According to Alex Mindlin in The New York Times
...adults in households that have digital video recorders watch less TV than adults in the general population, according to a recent analysis by Mediamark Research, an audience-measurement firm
Well, duh.

The research contradicts earlier network-funded research that claimed that DVR ownership boosts viewership.

As Mindlin fails to point out (learn some sociology!) this study fails to compare people's viewership before and after they get a DVR. Instead, it compares people who buy DVR's to people who don't buy them. The study is meaningless because they're different groups.

People buy DVR's because they are busy people and they are not always around the house in time to watch their favorite shows, and they can't be bothered to program their VCR. I think it's safe to make the assumption that busy people watch TV more selectively, which means less. Therefore, DVR owners will tend to watch less TV. But they were probably watching less TV than average before they got their DVRs, too.

Also, people who buy DVR's tend to be better off than the average TV watcher. DVRs are expensive gadgets, y'know. I bet you richer folks watch less TV than poorer folks, because money opens up other entertainment options: movies, restaurants, anything involving babysitters.
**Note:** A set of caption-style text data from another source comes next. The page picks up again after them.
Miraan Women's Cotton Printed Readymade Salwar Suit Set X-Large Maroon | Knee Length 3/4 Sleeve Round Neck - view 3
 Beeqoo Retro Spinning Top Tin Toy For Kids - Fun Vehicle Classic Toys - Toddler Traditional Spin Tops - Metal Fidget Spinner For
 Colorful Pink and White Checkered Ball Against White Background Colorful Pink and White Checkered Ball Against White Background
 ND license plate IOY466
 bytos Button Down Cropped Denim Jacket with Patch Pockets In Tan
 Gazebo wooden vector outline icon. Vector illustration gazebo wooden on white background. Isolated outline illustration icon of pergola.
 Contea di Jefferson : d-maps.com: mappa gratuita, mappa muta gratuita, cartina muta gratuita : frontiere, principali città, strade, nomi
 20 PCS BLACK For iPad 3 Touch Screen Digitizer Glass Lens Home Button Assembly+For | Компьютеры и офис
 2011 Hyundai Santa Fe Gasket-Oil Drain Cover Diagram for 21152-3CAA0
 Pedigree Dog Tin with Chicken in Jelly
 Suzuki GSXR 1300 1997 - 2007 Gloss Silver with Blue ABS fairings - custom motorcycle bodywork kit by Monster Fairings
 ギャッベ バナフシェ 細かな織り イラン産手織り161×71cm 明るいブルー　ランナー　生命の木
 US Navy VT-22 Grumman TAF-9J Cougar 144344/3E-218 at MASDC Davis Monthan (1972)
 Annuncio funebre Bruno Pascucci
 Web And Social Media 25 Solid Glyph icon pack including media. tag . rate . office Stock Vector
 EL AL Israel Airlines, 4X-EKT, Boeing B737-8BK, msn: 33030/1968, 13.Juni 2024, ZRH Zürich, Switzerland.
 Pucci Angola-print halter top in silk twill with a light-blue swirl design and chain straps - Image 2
This study could have been meaningful if it measured TV watching among people of the same income and employment levels, some of whom have DVR's, some of whom do not.

I do think the networks are talking out of their hats when they claim that DVR ownership will boost viewership enough to compensate for many people not watching the ads. I gather some people do watch the ads, but I find that unfathomable. I'll sometimes stop and view what looks like it might be a clever ad -- and I'll almost always stop to watch a trailer for a movie I'm interested in -- but usually I'm hitting the "forward 30 seconds" button too fast to notice what I'm skipping. When DVR penetration reaches the same levels as VCR penetration, free TV paid for by ads is done for.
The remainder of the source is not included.